When something FTB, it should generally be clear what failed, and if
not, you can always retry without parallel.

> - there is no consensus on the name of the option. Solutions are:
>   + use parallel=n (where n is the number of jobs) in DEB_BUILD_OPTIONS
>   + use a specific environment variable DEB_BUILD_OPTIONS_PARALLEL
> 
> I personally prefer DEB_BUILD_OPTIONS="parallel=n".

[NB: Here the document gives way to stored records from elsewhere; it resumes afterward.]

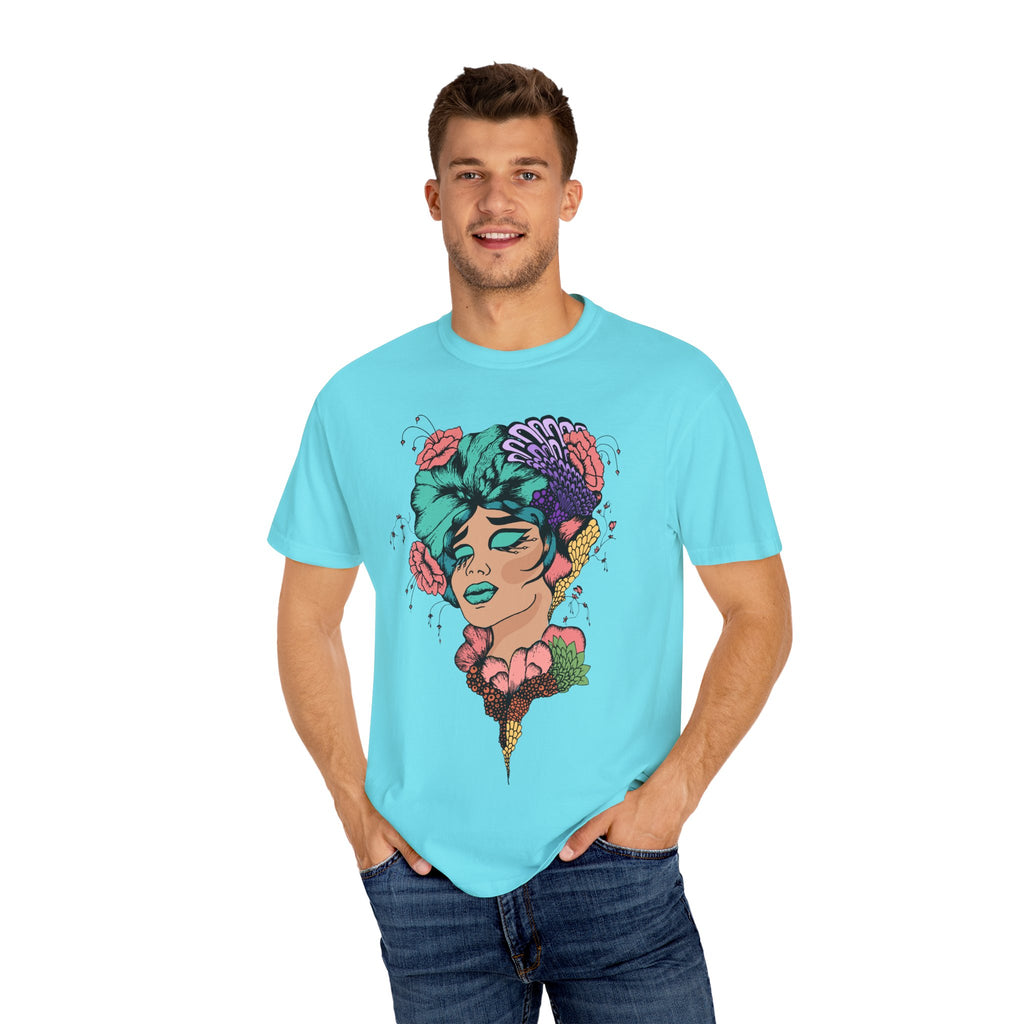 Floral Fantasy T-Shirt | Artistic Graphic Tee for Nature Lovers, Unique Gift, Casual Wear, Eco-Friendly Fashion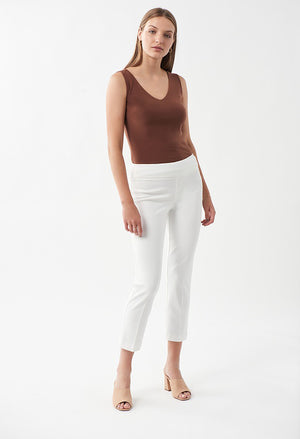 Pleated Front Cropped Pants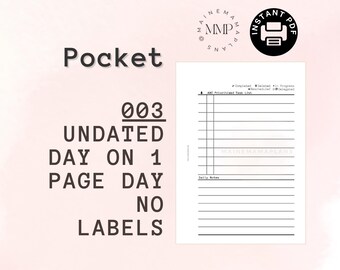 May include: A black and white printable planner page with the text "003 UNDATED DAY ON 1 PAGE DAY NO LABELS" and the heading "ABC Prioritized Task List" and "Daily Notes".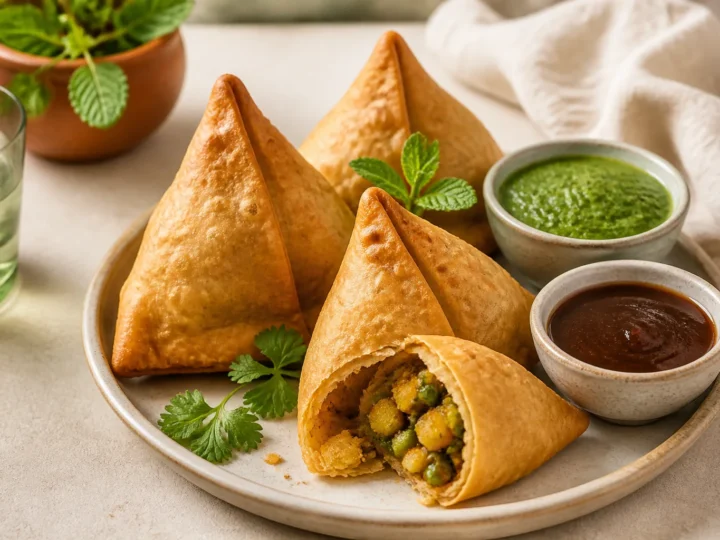 Goldbraune indische Samosas mit sichtbarer Kartoffel-Erbsen-Füllung und Chutney
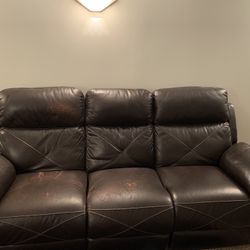 Brown Leather Electric Reclining Sofa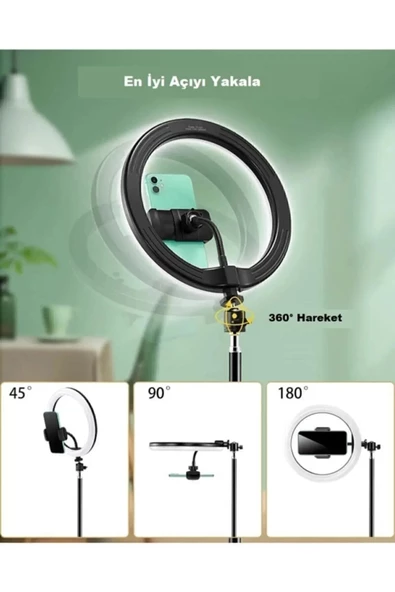 Anunnaki 10 İnç Ring Light Youtuber Tiktok Çekim Işıklı Telefon Tutucu Selfie Makyaj Işığı 2.1 M Tripod - 5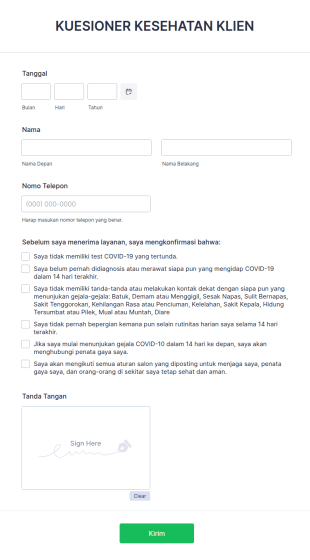 Kuesioner Kesehatan Klien Untuk COVID 19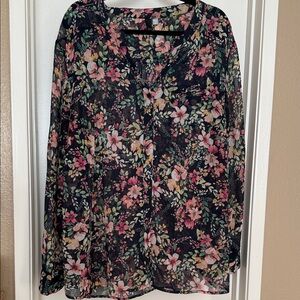 Floral Chiffon Blouse - Navy and Pink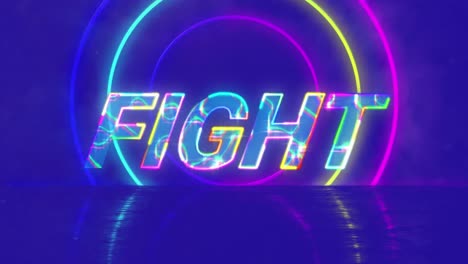 Animation-of-fight-text-over-neon-shapes-on-blue-background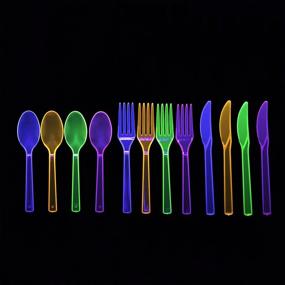 img 3 attached to 🍽️ Party Essentials Neon Brights Plastic Cutlery Combo Pack - 144 Pieces/48 Place Settings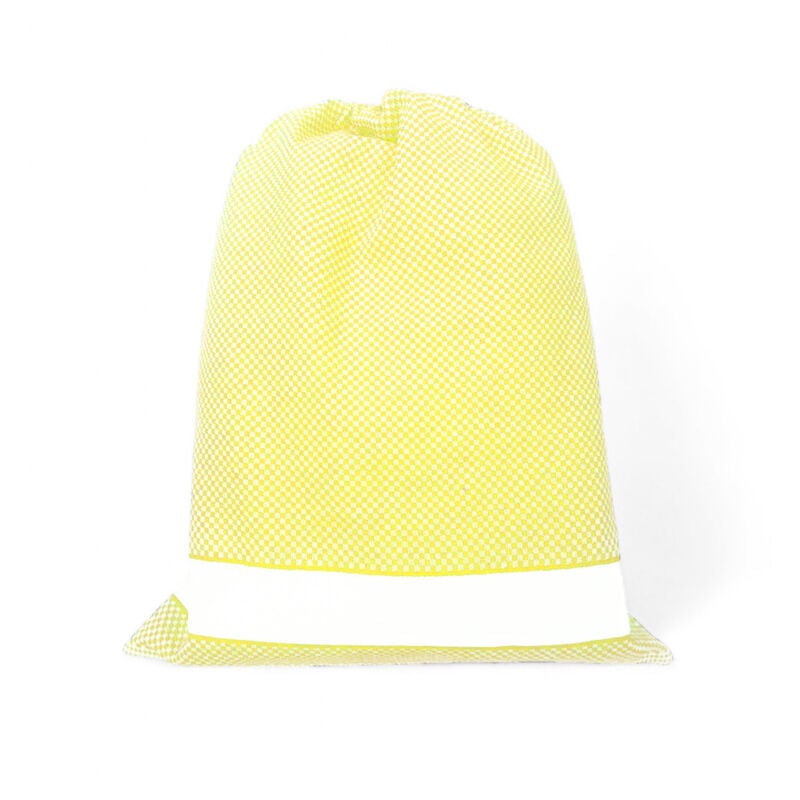 foto del prodotto easyzip sacca asilo con nome tela aida da ricamare sacca in puro cotone, disponibile in 9 colori, resistente e made in italy giallo cm. 40x50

+1.  I currently support DEB_BUILD_OPTIONS=-j4 but I'd be happy to
change my rules file to support DEB_BUILD_OPTIONS=parallel=4.  And I
don't like the idea of a proliferation of environment variables either.

> DEB_BUILD_OPTIONS_PARALLEL=n is easier to parse, but Loic Minier already
> gave us code to parse DEB_BUILD_OPTIONS=parallel=n:
> NUMJOBS = $(patsubst parallel=%,%,$(filter parallel=%,$(DEB_BUILD_OPTIONS)))

This will only work if the options in DEB_BUILD_OPTIONS are
space-separated.  I generally comma-separate mine, as you don't have to
quote that to a shell.  This is something Policy should specify but
doesn't.  Since Policy is ambiguous, might I suggest:

  d_b_o:=$(shell echo "$$DEB_BUILD_OPTIONS"|sed 's/[^-_=[:alnum:]]/ /g'|tr a-z- A-Z_)
  $(foreach o, $(d_b_o), $(if $(findstring =,$o),$(eval DEB_BUILD_OPT_$o),$(eval DEB_BUILD_OPT_$o=1)))
  MAKE_-J += $(addprefix -j, $(DEB_BUILD_OPT_PARALLEL))

Then you use $(MAKE_-J) as a macro on specified $(MAKE) lines.  Yes,
the above is 3 lines of complexity, but in return you get this:

  ifndef DEB_BUILD_OPT_NOSTRIP
    INSTALL_FLAGS += -s
  endif

Compare to what Policy suggests:

  ifeq (,$(findstring nostrip,$(DEB_BUILD_OPTIONS)))
    INSTALL_FLAGS += -s
  endif

Maybe it's just me, but in Policy's example, I always have to think for
a moment to figure out when the conditional is true and when it is
false.  (And I have to cut and paste it from somewhere to get the
syntax right.)  Whereas in my example it is immediately obvious.